I'm back in the creweniverse once more!
I've been back for about a week and a half now and WW-wise it's not been smooth sailing.
I've been binging massively- buying too many snack foods and chocolate and eating them all rather than stickng to my meal plan. And the drinking...oohhhhh the drinking. Back home I'm not a heavy drinker at all, I can literally count the drinks I had over the summer, but back at uni it's a different matter entirely. Yes iI started on teh vodka and coke, but then I was offered wine, and then MORE vodka, and then I went and ate stupid amounts of junk. And then L went and made fairy cakes and iced me one with my name on it...and I couldn't NOT eat it. Then there was the beginning of freshers weekend, where I drank cider. Notl ight cider. Proper cider. And yet more vodka...and then there was the first BIG big night out with everyone last night. Where there were buy one get one free cocktails....the less said about them the better.

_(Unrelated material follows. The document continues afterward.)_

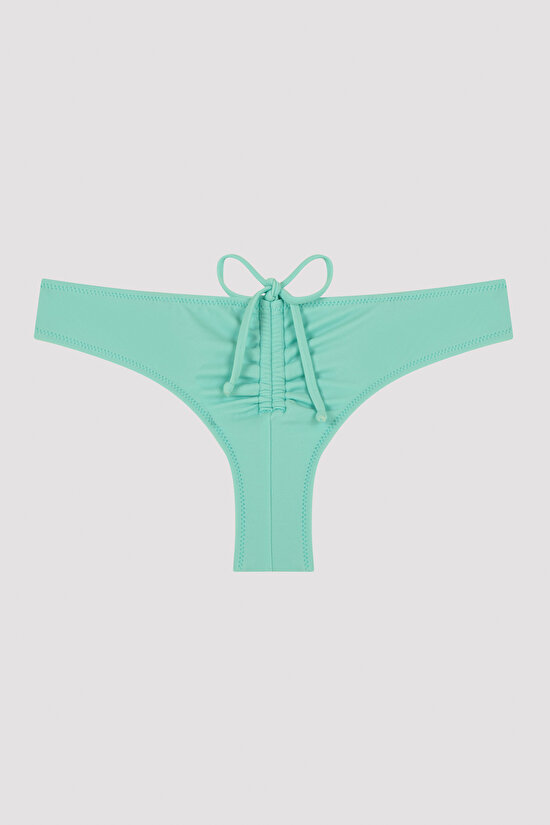 Mint Yeşili Basic Arkası Büzgü Detaylı Cheeky Bikini Altı - 5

Anyway, yes, need to stop doing that. Chalk it up as a one off and move on.
Still on the upside I was thinking how much worse it could have been. If I hadn;t joined WW I would have been drinking cider and wine all the time, and binging on chinese and chips instead of just large amounts of low fat snacks. It could be so much worse than this.

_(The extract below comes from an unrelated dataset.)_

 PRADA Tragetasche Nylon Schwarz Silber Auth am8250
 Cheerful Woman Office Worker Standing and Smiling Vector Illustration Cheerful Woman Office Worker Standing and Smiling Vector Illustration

My measuring tape hasn't been unpacked yet but my WI results for the last 2 meetings are
last week: -0.5lbs(the massive loss catching up with me)
this week: +0.5lbs, which isn't as bad as I thought it would be. In a strange way I wish I'd gained more so it would set me more of an example of how NOT to eat and drink. Grrr.
Nonetheless I've gotten my ass kicked back into gear by GIANT NSVs. Seeing everyone again after 3 months was wonderfful- last time I'd seen most of them I was 22lbs heavier- and they noticed! And spent all night telling me how gorgeous and healthy and happy I looked!!!!!!!
And naturally they asked how I've done it and I told them Weight Watchers...so they'll all be sneakily keeping an eye on me from now on- even if they don't let on! I know what they're like...
The support just continued marvelously when my housemate S moved in, and one of the first things she said was how much weight she'd gained this summer and that she wanted to join WW with me! So I get a live-in buddy!
L is being horribly painfully unsupportive however. She keeps making snide comments about WW and trying to persuade me to eat junk food and make cakes and things. When someone asked her "Don;t you think Florrie looks so great now" in response to how much I've lost so far she just gave a really nasty disbeliving look.
And L is otherswise my best friend, I love her to bits and she's wonderful about all sorts of other issues so I don;t know why she's acting so bitter about this. If it carries on I'm going to have serious words with her-something I'm VERY bad at doing.
I'm determined to get fully back on track this week and have something resembling a plan.
Today I bought the WW delicious cookbook- which has some gorgeous looking veggie recipes-a lot of which I can batch cook and then keep portions in the freezer for busy nights, so when I get home(no internet in the house yet- I'm sat in the library)I'm going to plan out the weeks meals in full, including some recipes from the book.
I'm also going to try and get down to the market tomorrow morning and buy a load of vegetables cheaply which I'm then going to make a MASSIVE match of 0-points soup for if I'm feeling at all bingey. I bought a set of 10 little round tupperware box things which are microwaveable and perfect sizes for soup, so they'll get frozen in those.
I also got myself an awesome portable salad container thing with a section in the lid for dressing(I'm thinking houmous or cottage cheese maybe) so I'll be having salad lunches lots and lots when I'm on campus. OMNOMNOM!
One final note- I bought a gorgeous dress today...In a size 14!